FAILURE TO REGISTER: Sexual Offender Registration and Notification Act (SORNA) defines a “sex offense” to include a criminal offense with an element of sexual contact. The categorical approach applies to determine whether a state conviction qualifies under SORNA. The sentencing court must look only to the fact that the defendant has been convicted of crimes falling within certain categories, and not to the facts underlying the prior convictions. Defendant who was convicted of violating a Tennessee law prohibiting sexual contact to one of five body areas (the primary genital area, groin, inner thigh, buttock, or breast) is subject to SORNA. United States v. Vineyard, No. 18-11690 (11th Cir. 12/20/19)

http://media.ca11.uscourts.gov/opinions/pub/files/201811690.pdf

DEFINITION-CONTACT: “Contact” is the “union or junction of body surfaces: a touching or meeting.” United States v. Vineyard, No. 18-11690 (11th Cir. 12/20/19)

http://media.ca11.uscourts.gov/opinions/pub/files/201811690.pdf

DEFINITION-SEXUAL: “Sexual” means “of or relating to the sphere of behavior associated with libidinal gratification.” United States v. Vineyard, No. 18-11690 (11th Cir. 12/20/19)

http://media.ca11.uscourts.gov/opinions/pub/files/201811690.pdf

DEFINITION-PRIMARY GENITAL AREA: “The plain meaning of the term ‘primary’ suggests that the ‘primary genital area’ covers essentially the same area of the body as the genitals. United States v. Vineyard, No. 18-11690 (11th Cir. 12/20/19)
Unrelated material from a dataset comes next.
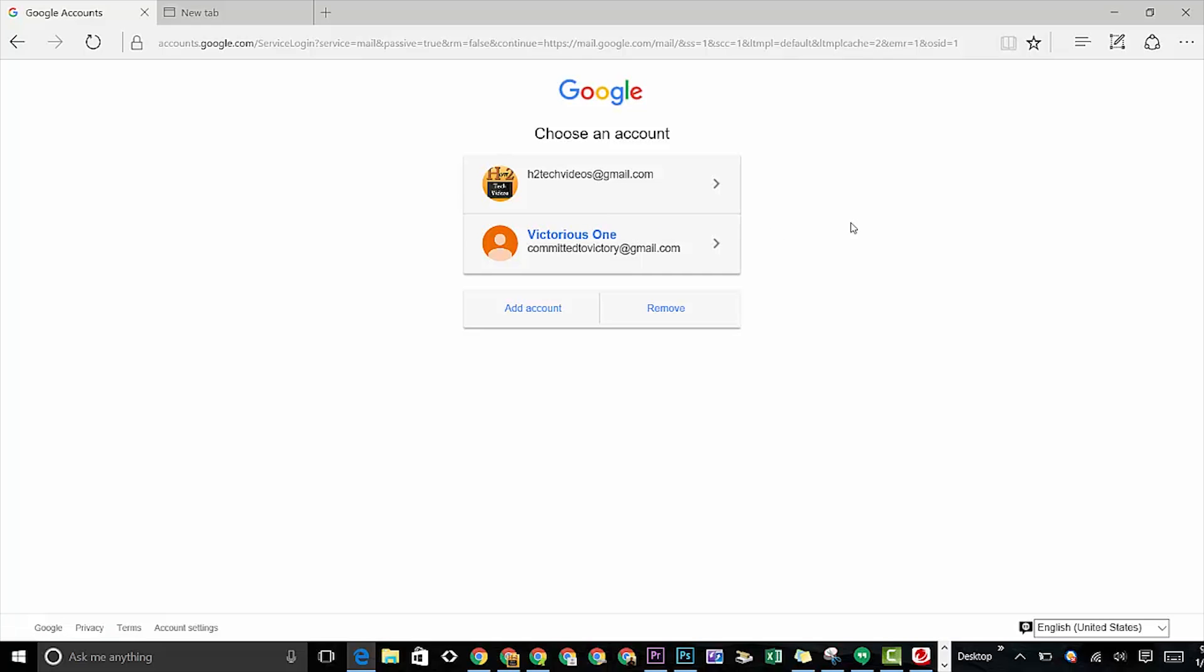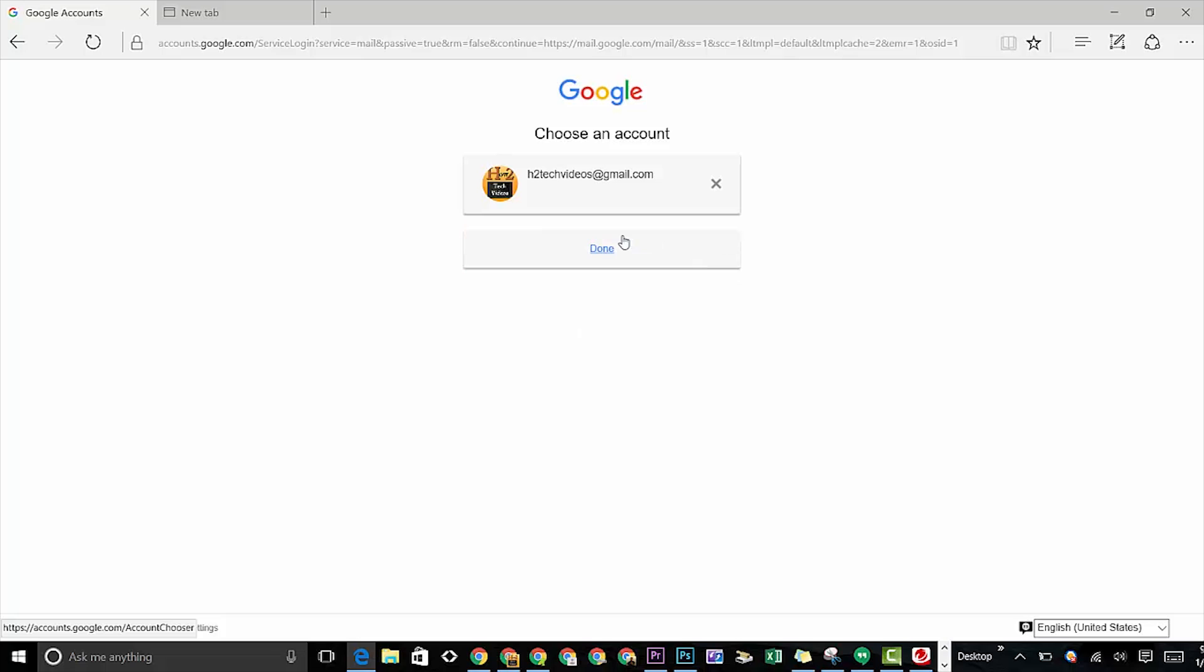Now if you're trying to sign out 100% so no one even knows you were signed in on that computer, the next step is to go down to remove and then click on the X next to that email. You may not want to remove them all, but just a certain one. Hit the X and then hit done.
http://media.ca11.uscourts.gov/opinions/pub/files/201811690.pdf

FIREARM IN FURTHERANCE: Hobbs Act robbery is a crime of violence under the elements clause of §924(c), which requires a mandatory consecutive sentence for any defendant who uses or carries a firearm during a crime of violence or a drug-trafficking crime. Rodriguez v. United States, No. 18-11438 (11th Cir. 12/20/19)

http://media.ca11.uscourts.gov/opinions/unpub/files/201811438.pdf

SENTENCING-DRUG QUANTITY: Sentencing courts are permitted to make factual findings, including drug quantities, based on undisputed statements in the PSI. United States v. Thomas, No. 19-11388 (11th Cir. 12/20/19)

http://media.ca11.uscourts.gov/opinions/unpub/files/201911388.pdf

SENTENCING-ENHANCEMENT-RISK OF DEATH/SERIOUS BODILY INJURY: Flight alone is insufficient to warrant an enhancement under for creating a serious risk of death or serious bodily injury, but high-speed flight in a residential area may warrant the enhancement, particularly where no objection is made to the PSR. United States v. Thomas, No. 19-11388 (11th Cir. 12/20/19)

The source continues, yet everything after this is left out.